== About this exercise ==
The records below must be output exactly, with no images carried over.

== Extracted records ==

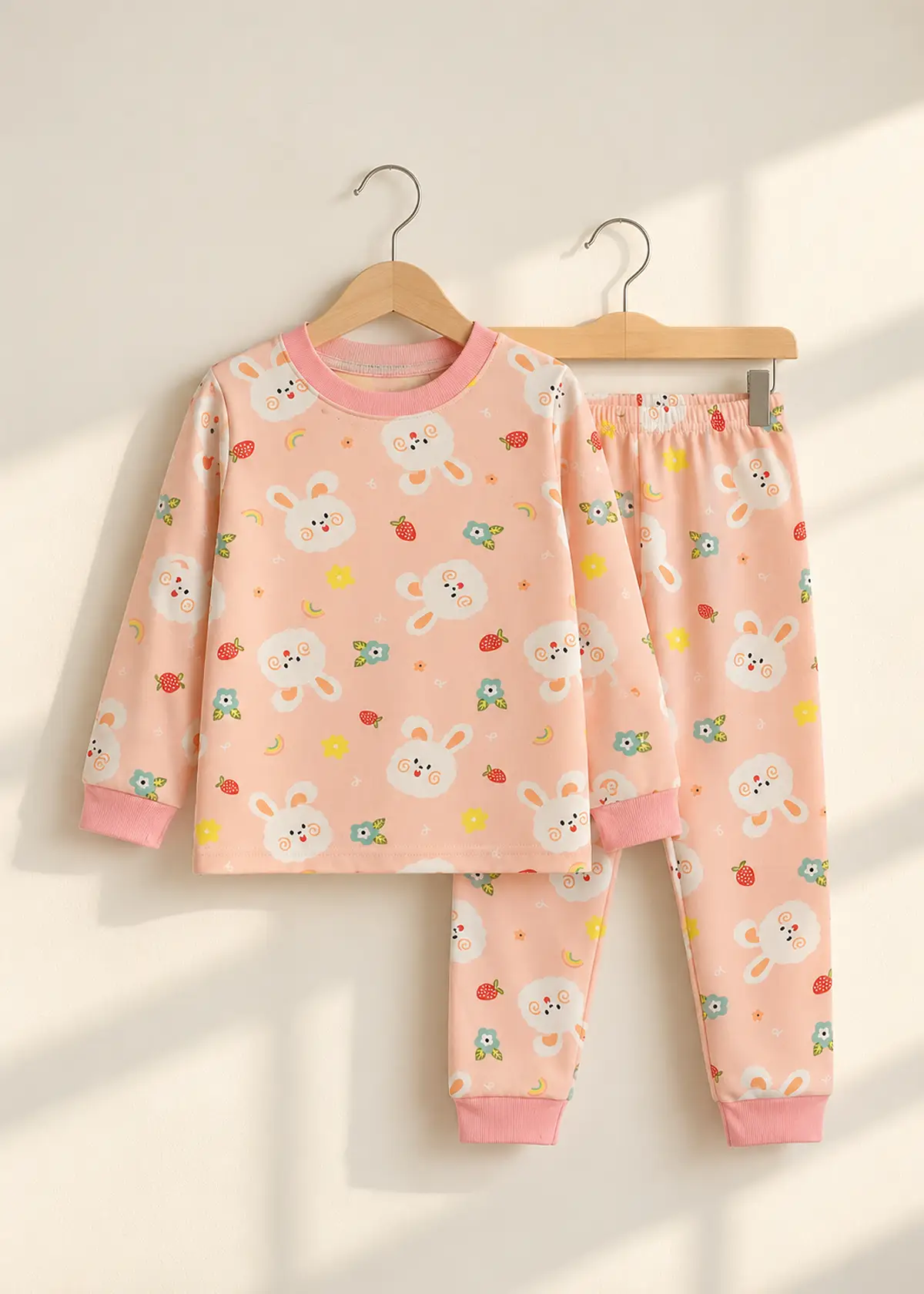 Berry Bunny Fleece Nightwear, pink fleece set for girls
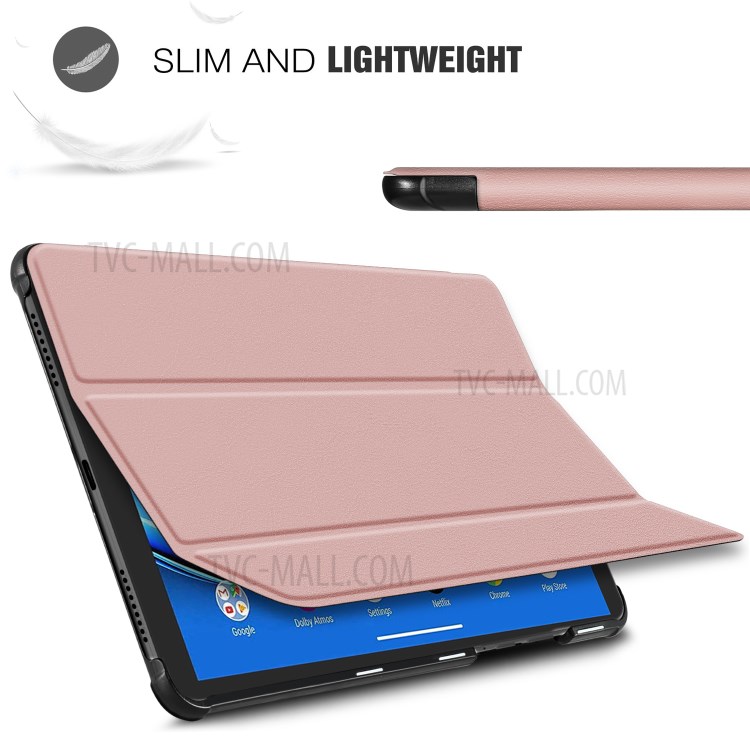 Tri-fold Stand Auto Wake/Sleep Leather Tablet Protective Cover for Lenovo Tab M10 Plus 10.3-inch - Pink-7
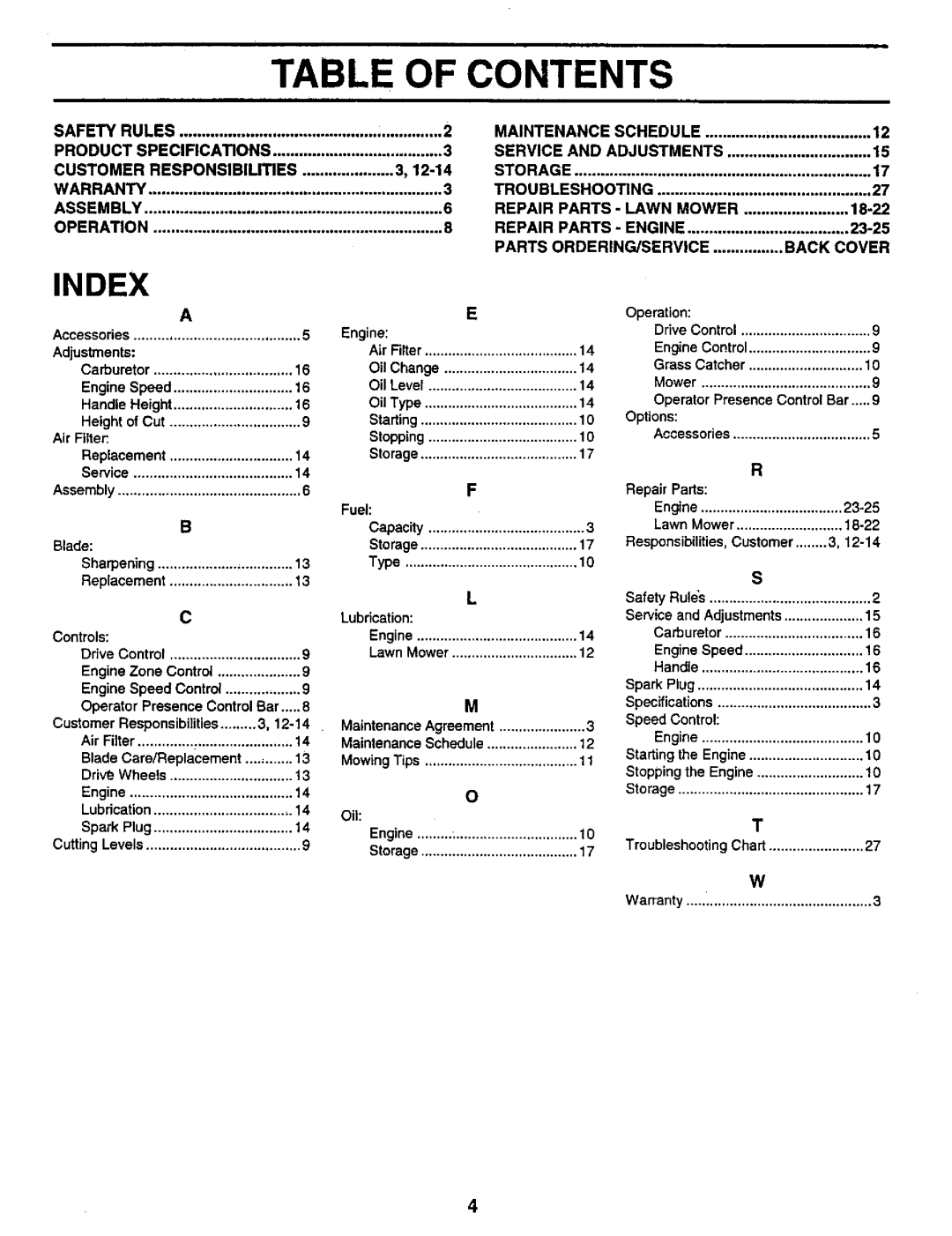 Sears 917.373981 owner manual Table Of Contents, Index 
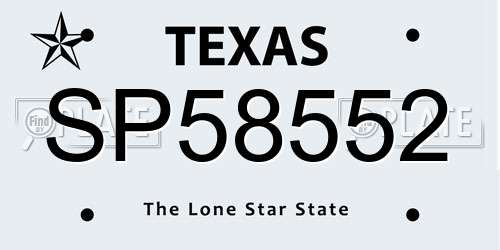 SP58552 Texas License Plate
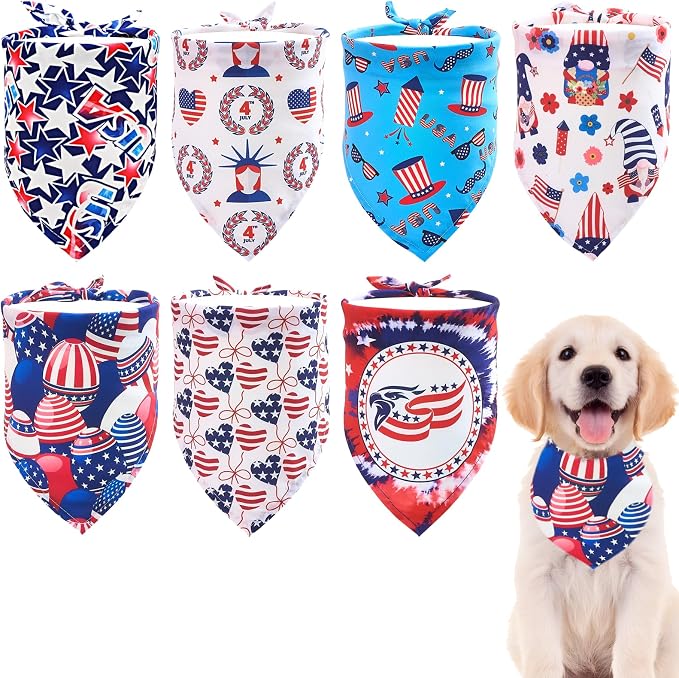 4th of July Dog Bandanas for Medium Dogs 7 Pcs Hemming Seam Edge Patriotic Dogs by Bestwishforyou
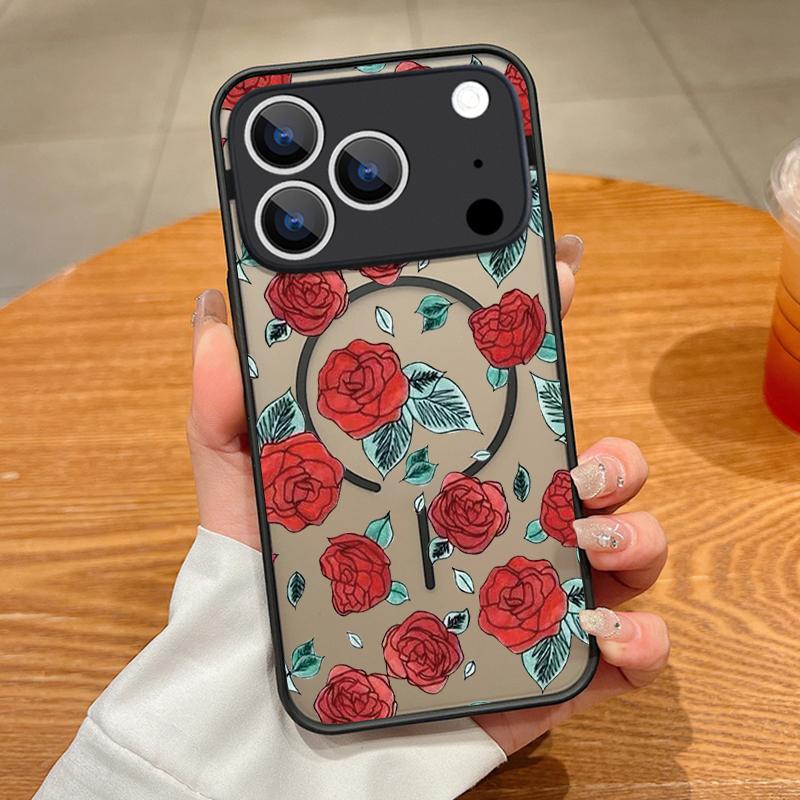 Translucent Matte Magnetic Case For iPhone 17 16 15 Pro 14 13 Pro Max 16e 17e For Magsafe Cartoon Flower Hard PC Phone Cover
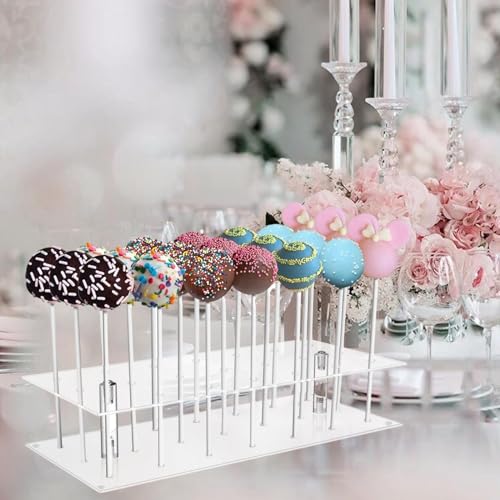 Acrylic Lollipops Stand Cake Holder 21 Hole Rectangle Double Layer Display Stand Rack for Halloween Birthday Anniversaries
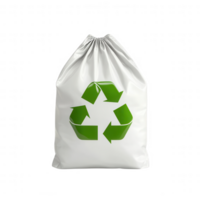 A reusable bag featuring the recycling symbol promotes sustainable living and eco-friendly habits. png
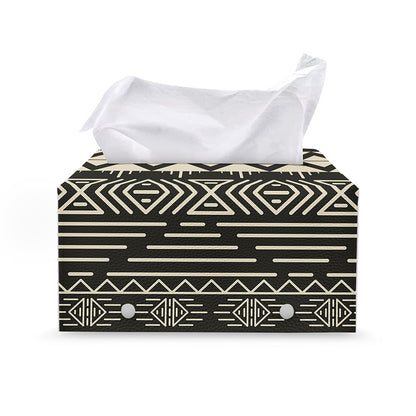 Black And Beige Aztec Pattern Print Leather Tissue Box Cover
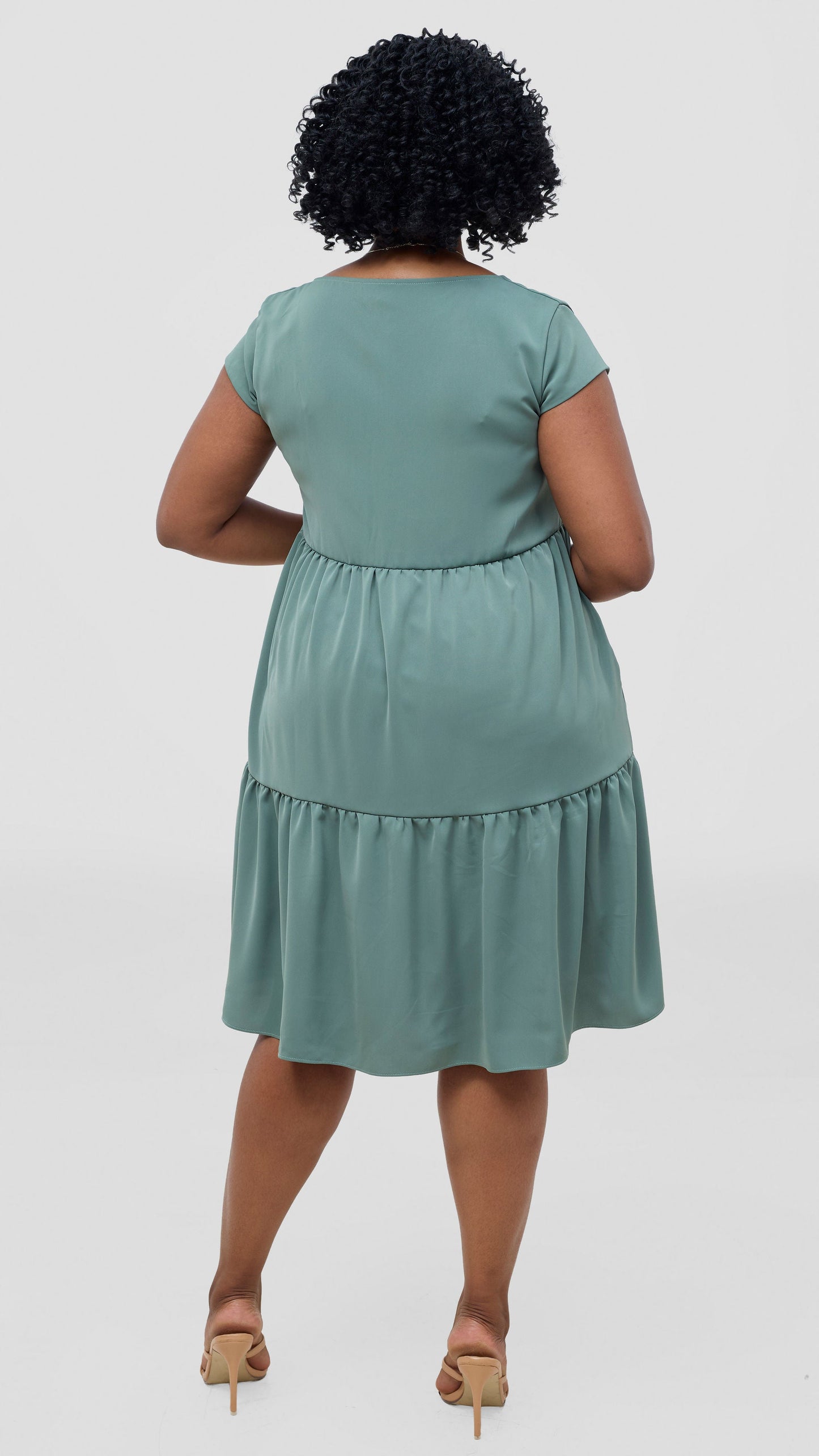 Vivo Pelia Round Neck Dress - Dusty Green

== Answer below ==
 Berry Bunny Fleece Nightwear, pink fleece set for girls
 Tri-fold Stand Auto Wake/Sleep Leather Tablet Protective Cover for Lenovo Tab M10 Plus 10.3-inch - Pink-7
 Sears 917.373981 owner manual Table Of Contents, Index 
 SP58552 Texas License Plate
 4th of July Dog Bandanas for Medium Dogs 7 Pcs Hemming Seam Edge Patriotic Dogs by Bestwishforyou
 Translucent Matte Magnetic Case For iPhone 17 16 15 Pro 14 13 Pro Max 16e 17e For Magsafe Cartoon Flower Hard PC Phone Cover
 Acrylic Lollipops Stand Cake Holder 21 Hole Rectangle Double Layer Display Stand Rack for Halloween Birthday Anniversaries
 A reusable bag featuring the recycling symbol promotes sustainable living and eco-friendly habits. png
 Black And Beige Aztec Pattern Print Leather Tissue Box Cover
 Vivo Pelia Round Neck Dress - Dusty Green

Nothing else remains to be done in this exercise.